INFORMATION SHOWN
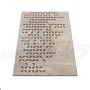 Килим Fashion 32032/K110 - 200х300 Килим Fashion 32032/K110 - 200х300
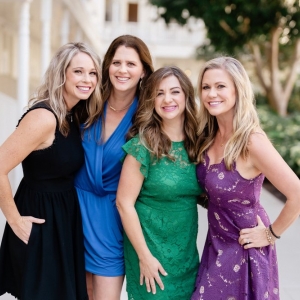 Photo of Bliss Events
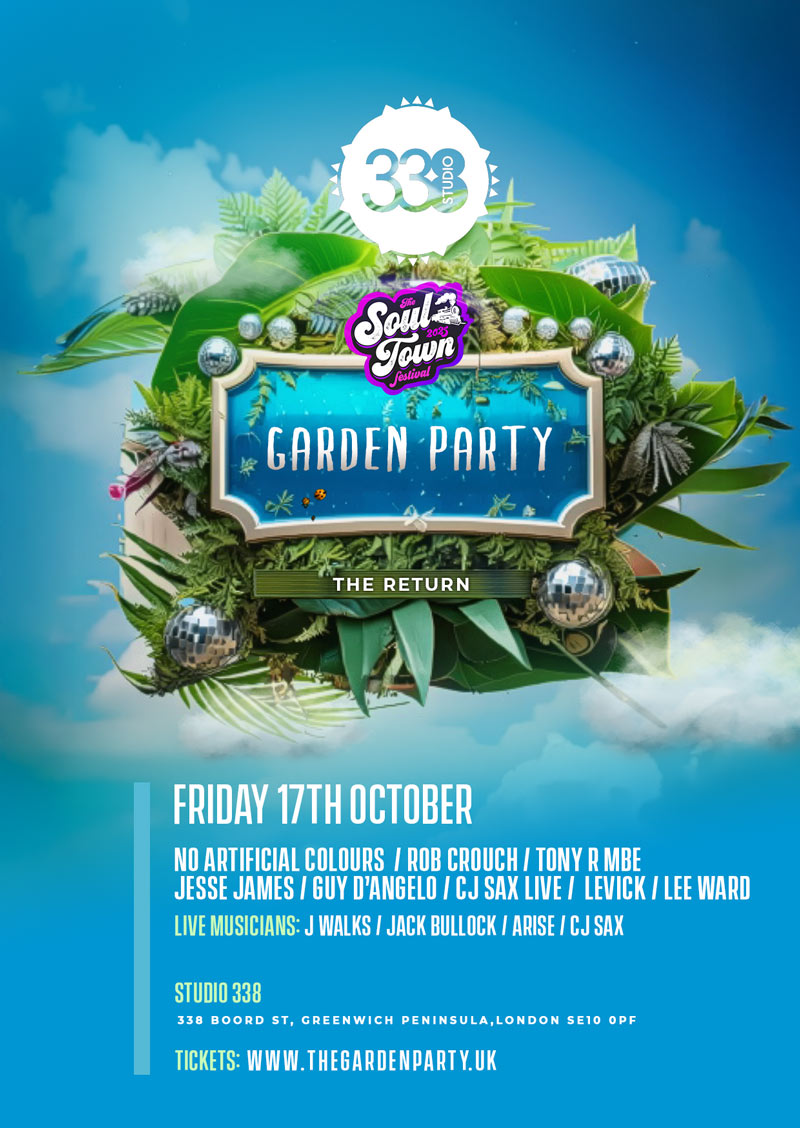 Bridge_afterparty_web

ASSIGNED TASK
Leave the pictures out and output the rest of the data word for word.

SOLUTION TO THE PROBLEM
 Килим Fashion 32032/K110 - 200х300 Килим Fashion 32032/K110 - 200х300
 Photo of Bliss Events
 Bridge_afterparty_web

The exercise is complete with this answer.